▸ Materials provided:

******

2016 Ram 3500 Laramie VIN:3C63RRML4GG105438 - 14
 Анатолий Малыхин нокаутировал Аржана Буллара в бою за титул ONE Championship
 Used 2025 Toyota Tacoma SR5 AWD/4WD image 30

******

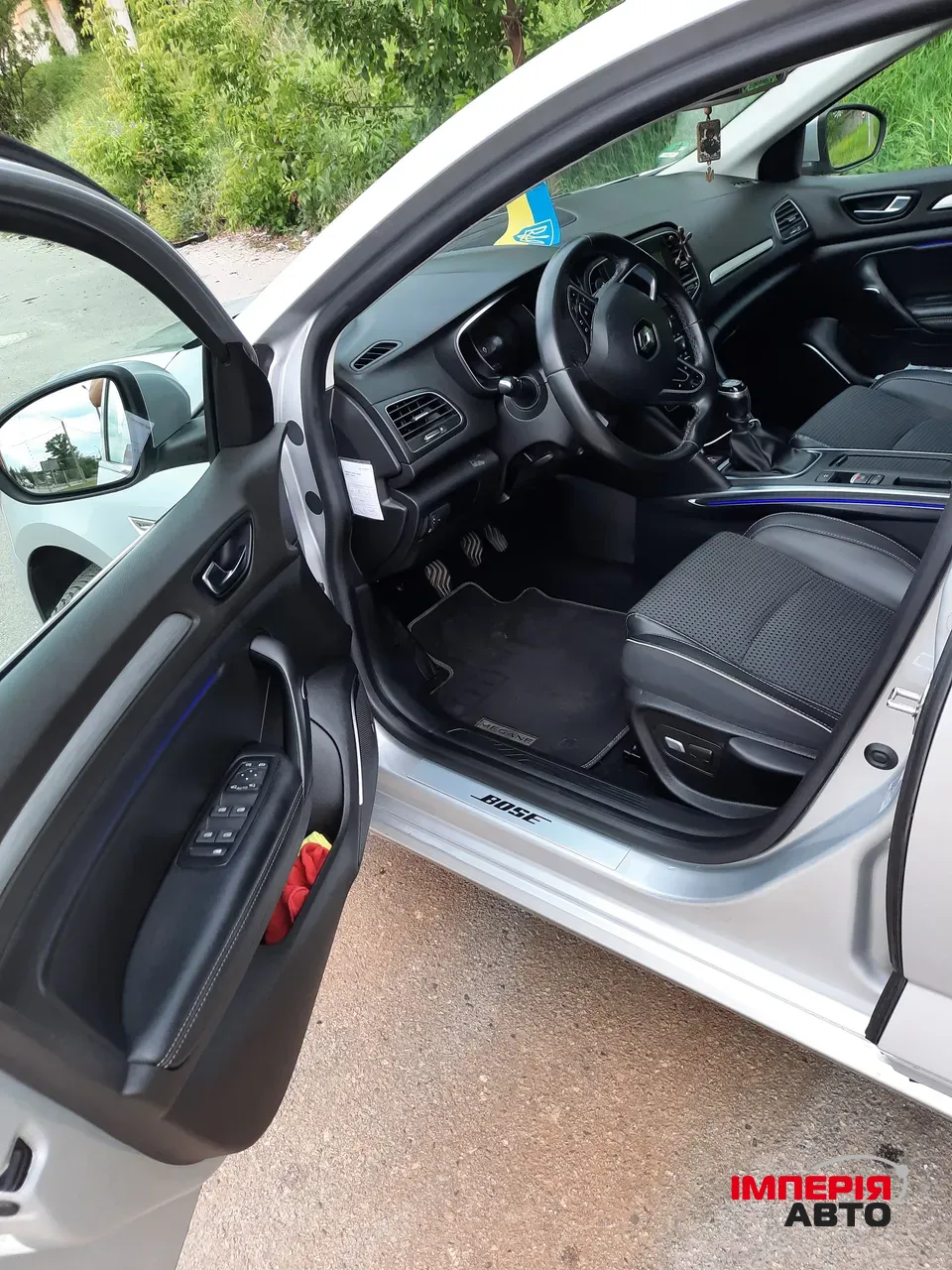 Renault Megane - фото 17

******

▸ Instructions to follow: Take exactly the lines from the one containing "Анатолий Малыхин нокаутировал" through the one containing "Used 2025 Toyota Tacoma SR5 AWD/4WD image 30" in the data above, and output them with nothing added.

▸ Task result:
 Анатолий Малыхин нокаутировал Аржана Буллара в бою за титул ONE Championship
 Used 2025 Toyota Tacoma SR5 AWD/4WD image 30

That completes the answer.